### TASK DETAILS
Reproduce, word for word, all of the records; the pictures stay out.
====== TASK DATA ======
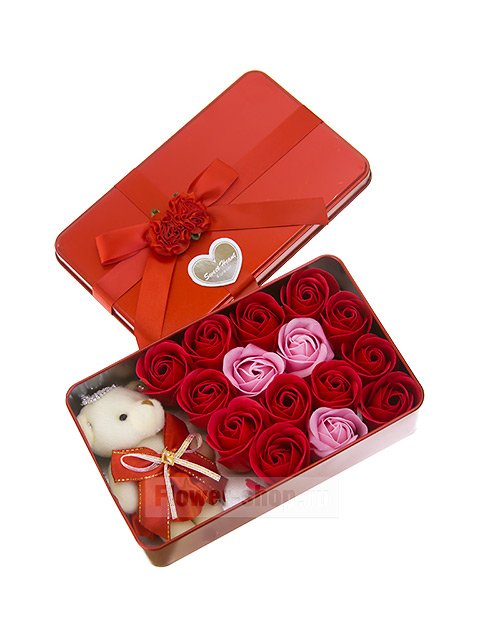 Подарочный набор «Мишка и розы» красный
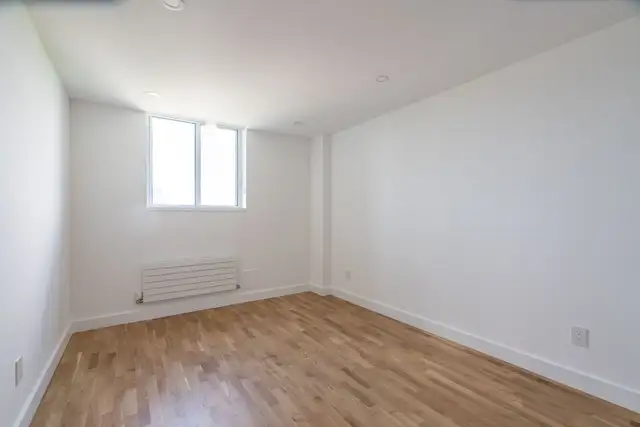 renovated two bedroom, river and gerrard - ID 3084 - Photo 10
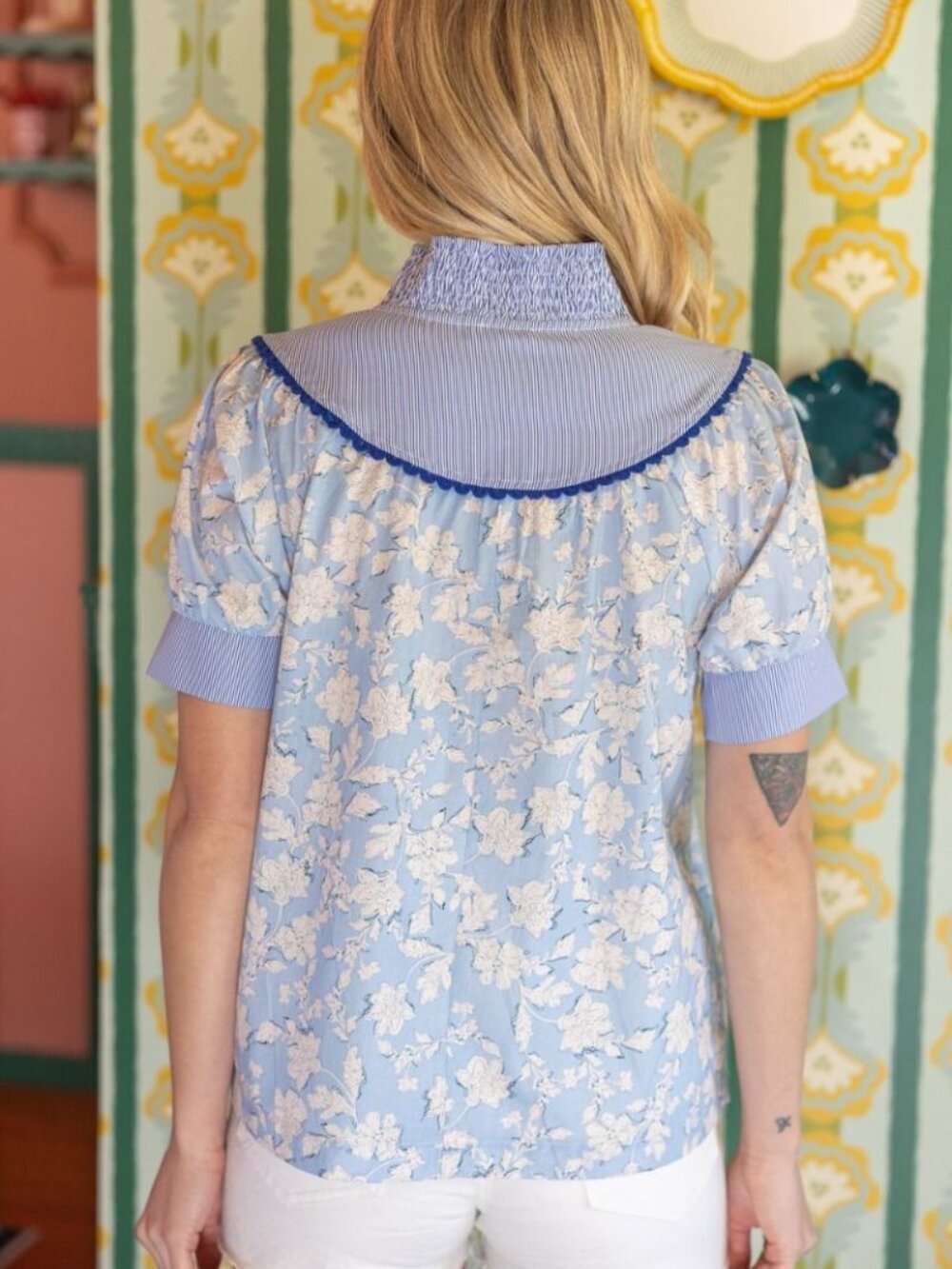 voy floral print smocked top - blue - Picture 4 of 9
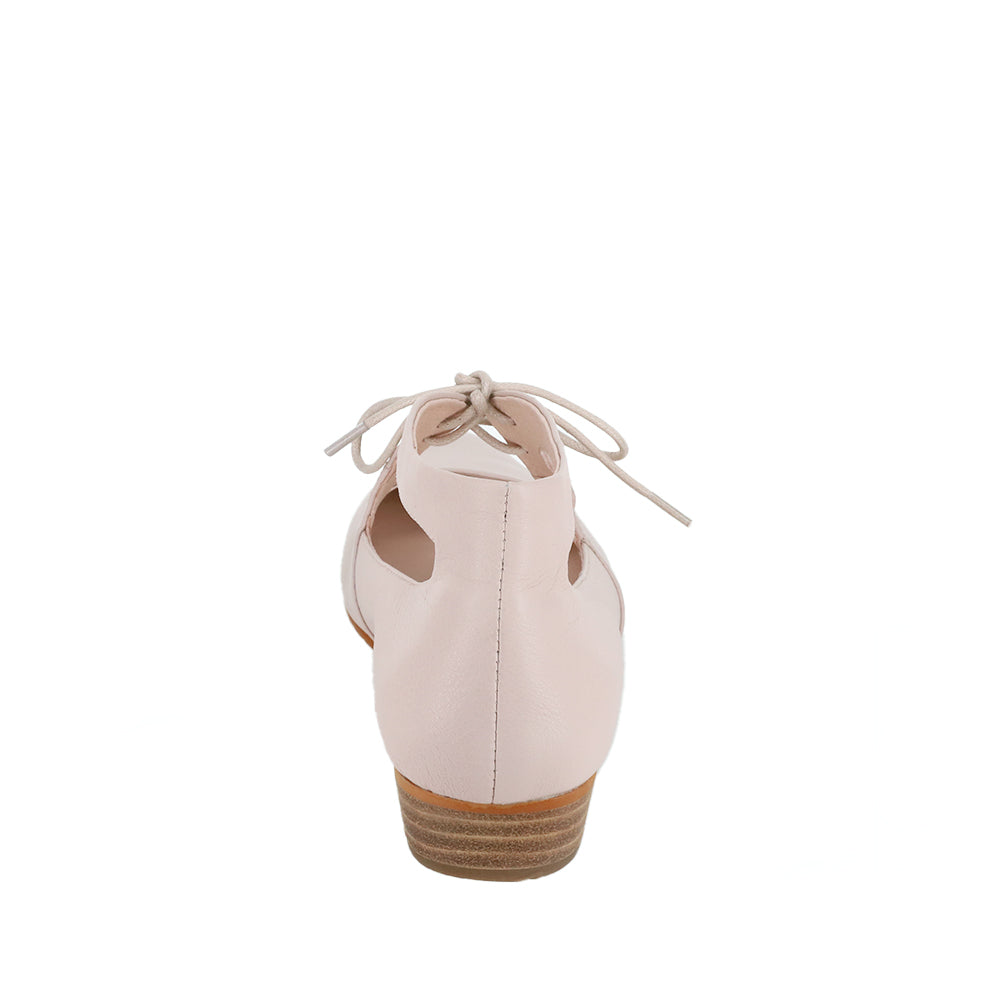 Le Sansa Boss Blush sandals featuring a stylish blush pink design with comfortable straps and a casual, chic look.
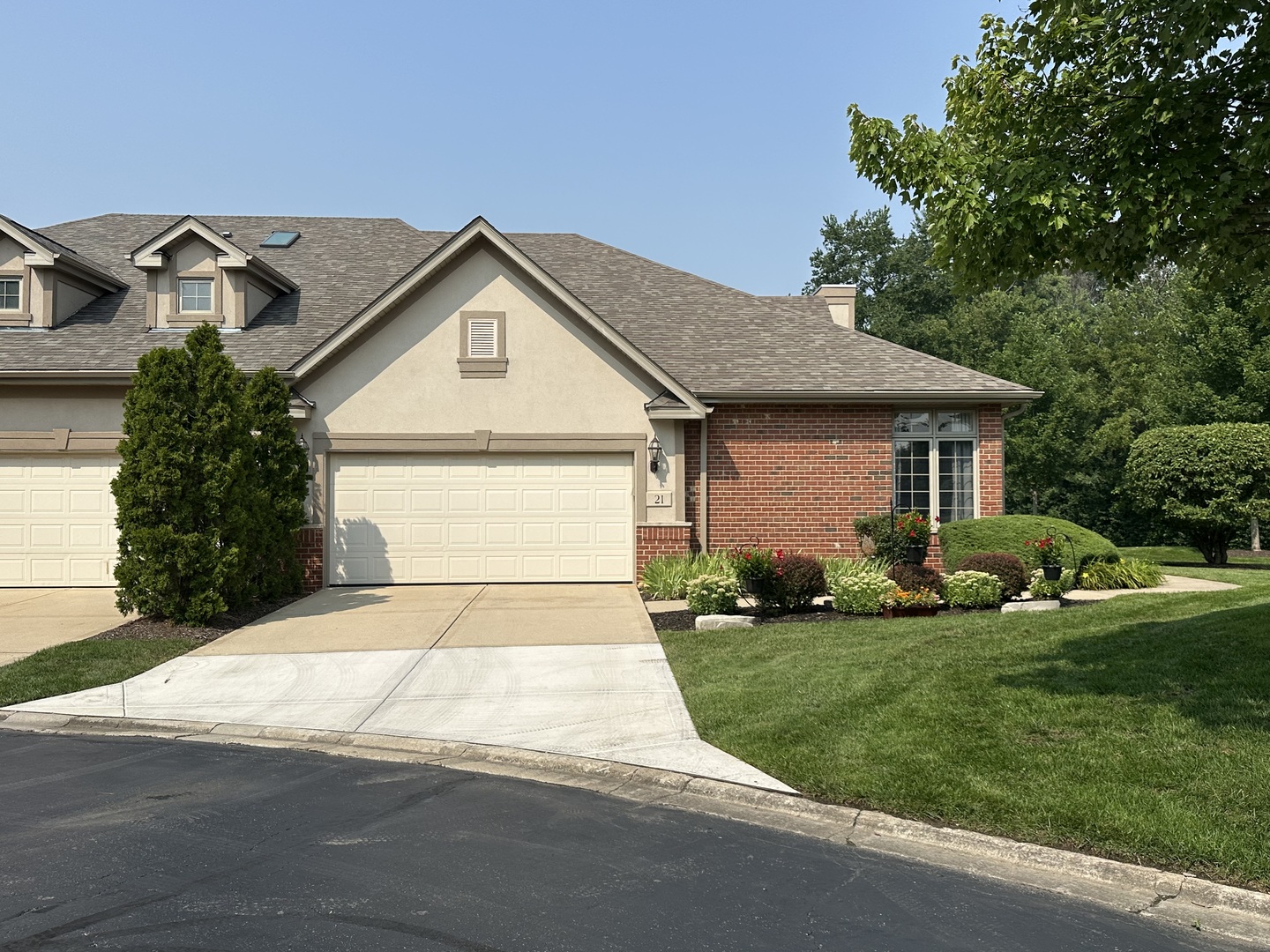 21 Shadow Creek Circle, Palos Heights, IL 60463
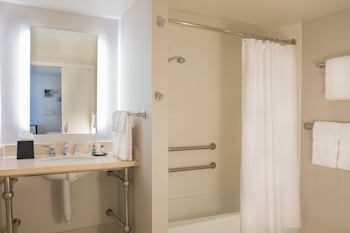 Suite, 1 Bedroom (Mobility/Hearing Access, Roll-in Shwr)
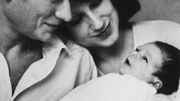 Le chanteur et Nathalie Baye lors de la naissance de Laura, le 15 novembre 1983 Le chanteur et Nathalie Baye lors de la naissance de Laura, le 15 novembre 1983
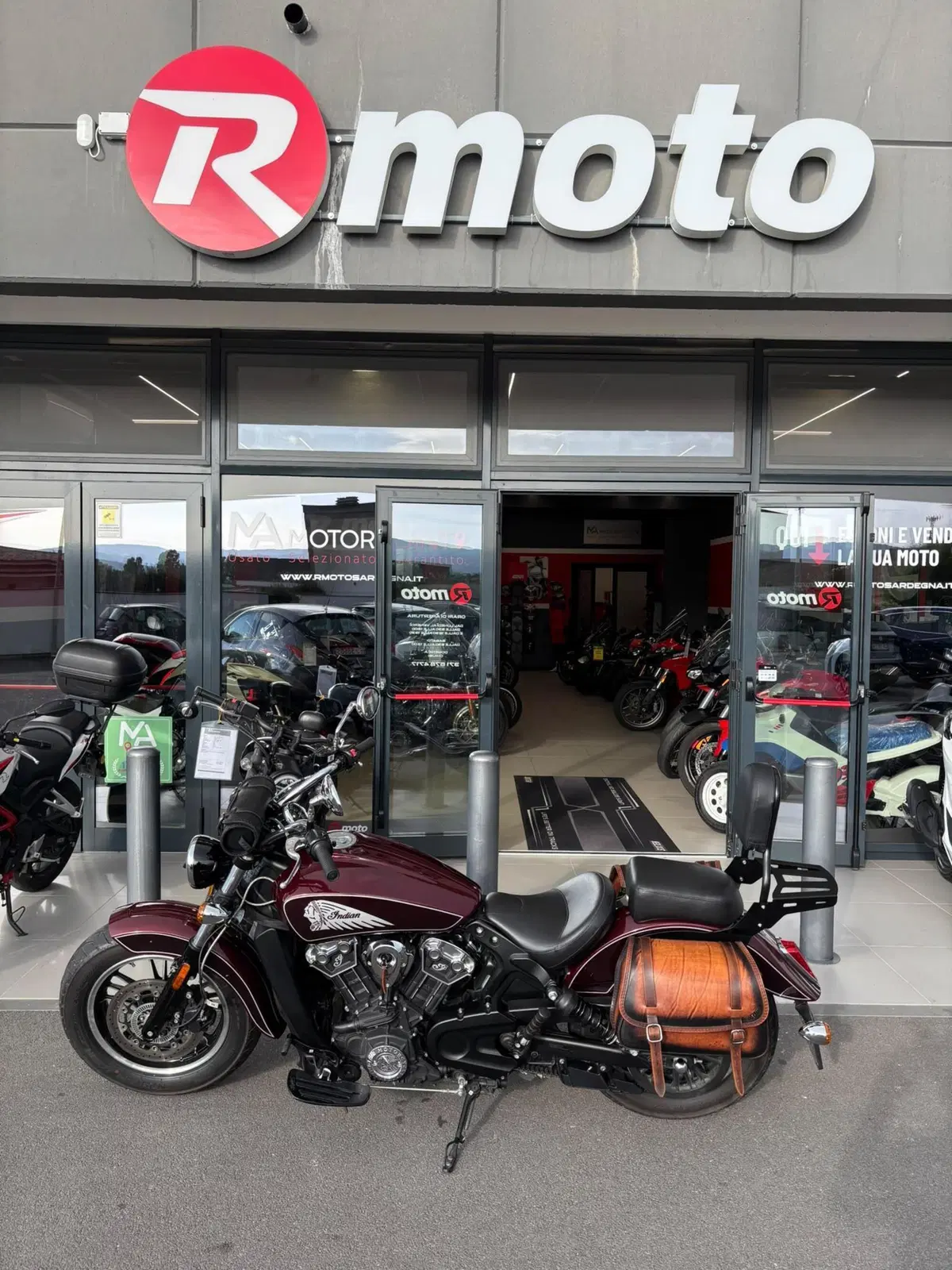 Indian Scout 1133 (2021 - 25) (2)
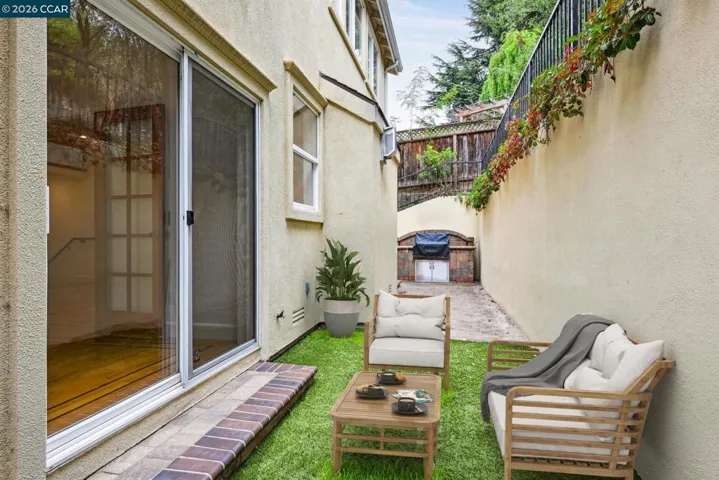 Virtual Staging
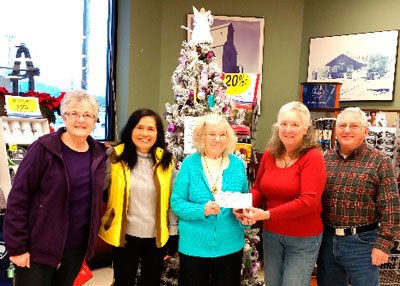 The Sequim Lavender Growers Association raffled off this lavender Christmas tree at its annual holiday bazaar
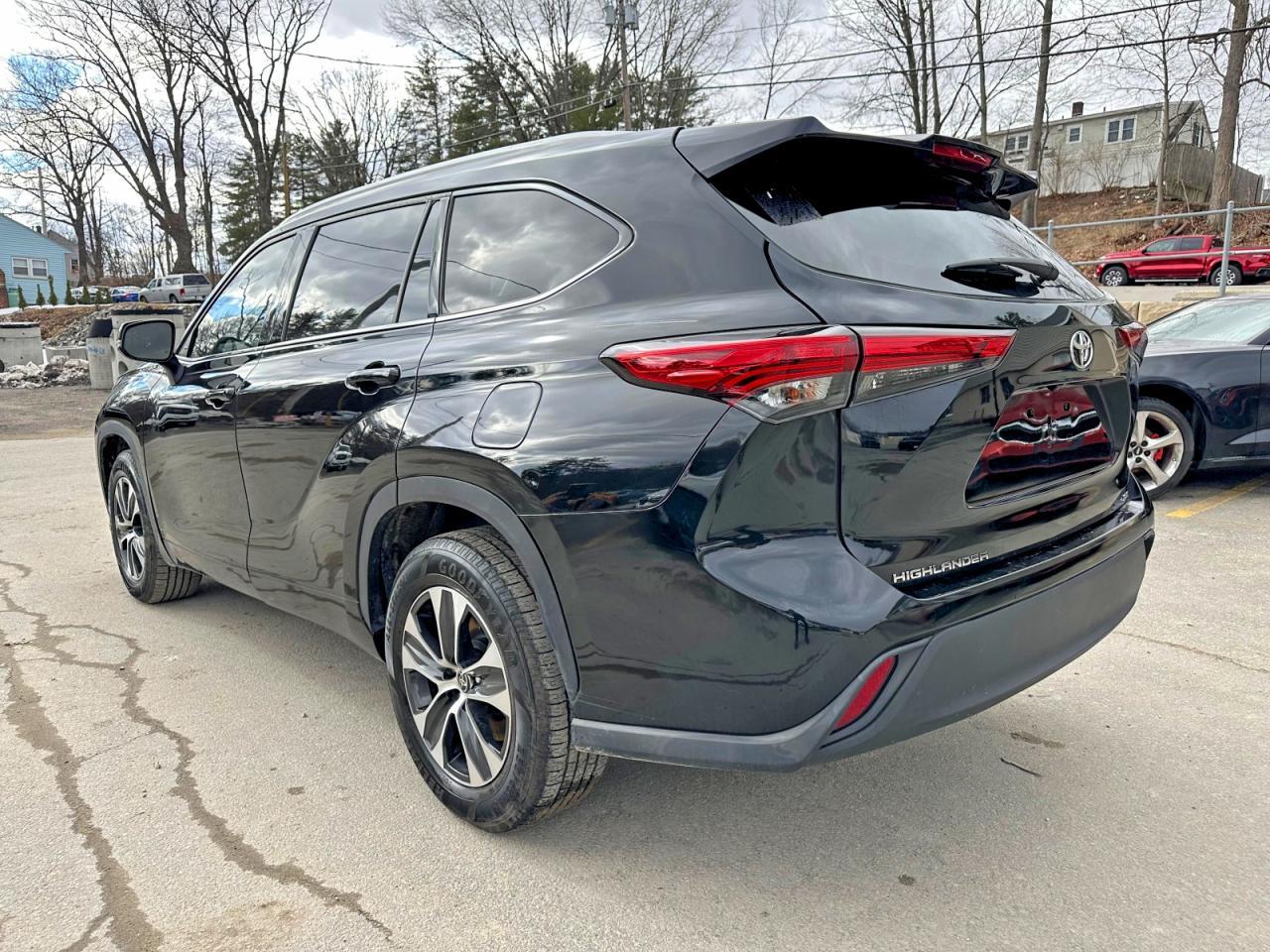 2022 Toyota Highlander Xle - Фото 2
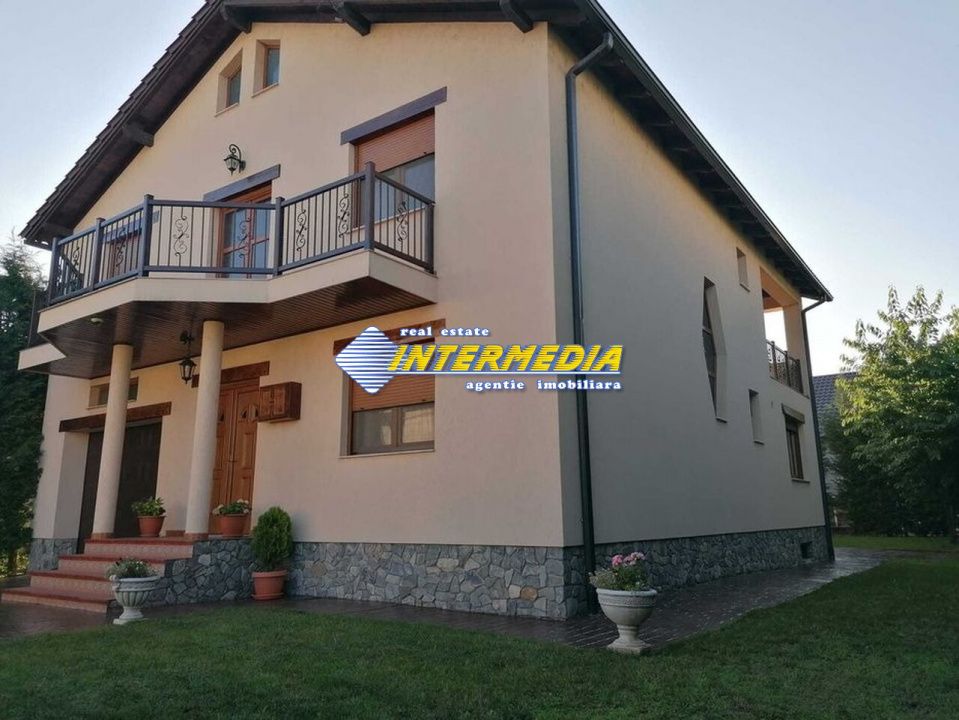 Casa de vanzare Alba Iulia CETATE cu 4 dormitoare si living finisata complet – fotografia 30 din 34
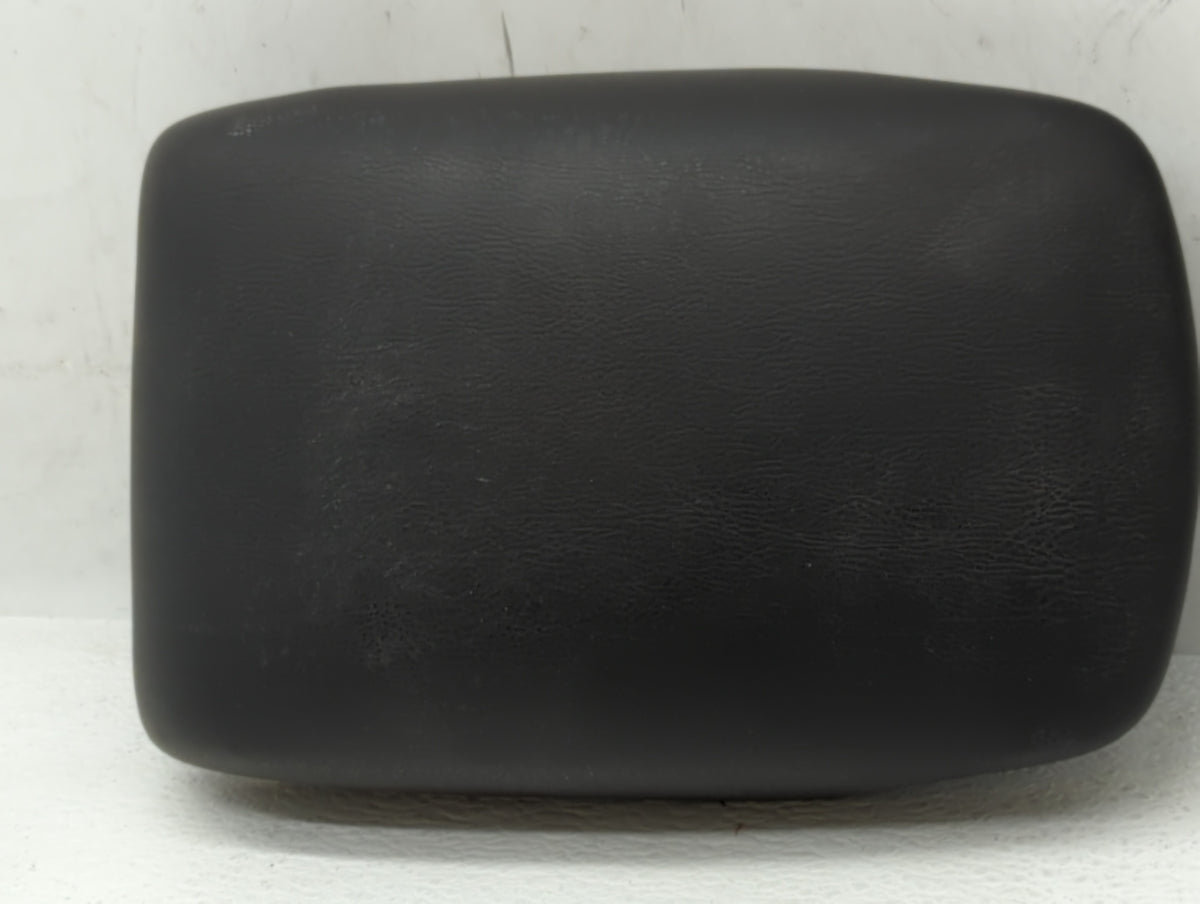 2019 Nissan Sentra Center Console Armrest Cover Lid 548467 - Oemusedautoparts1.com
======
### TASK OUTPUT
 Подарочный набор «Мишка и розы» красный
 renovated two bedroom, river and gerrard - ID 3084 - Photo 10
 voy floral print smocked top - blue - Picture 4 of 9
 Le Sansa Boss Blush sandals featuring a stylish blush pink design with comfortable straps and a casual, chic look.
 21 Shadow Creek Circle, Palos Heights, IL 60463
 Suite, 1 Bedroom (Mobility/Hearing Access, Roll-in Shwr)
 Le chanteur et Nathalie Baye lors de la naissance de Laura, le 15 novembre 1983 Le chanteur et Nathalie Baye lors de la naissance de Laura, le 15 novembre 1983
 Indian Scout 1133 (2021 - 25) (2)
 Virtual Staging
 The Sequim Lavender Growers Association raffled off this lavender Christmas tree at its annual holiday bazaar
 2022 Toyota Highlander Xle - Фото 2
 Casa de vanzare Alba Iulia CETATE cu 4 dormitoare si living finisata complet – fotografia 30 din 34
 2019 Nissan Sentra Center Console Armrest Cover Lid 548467 - Oemusedautoparts1.com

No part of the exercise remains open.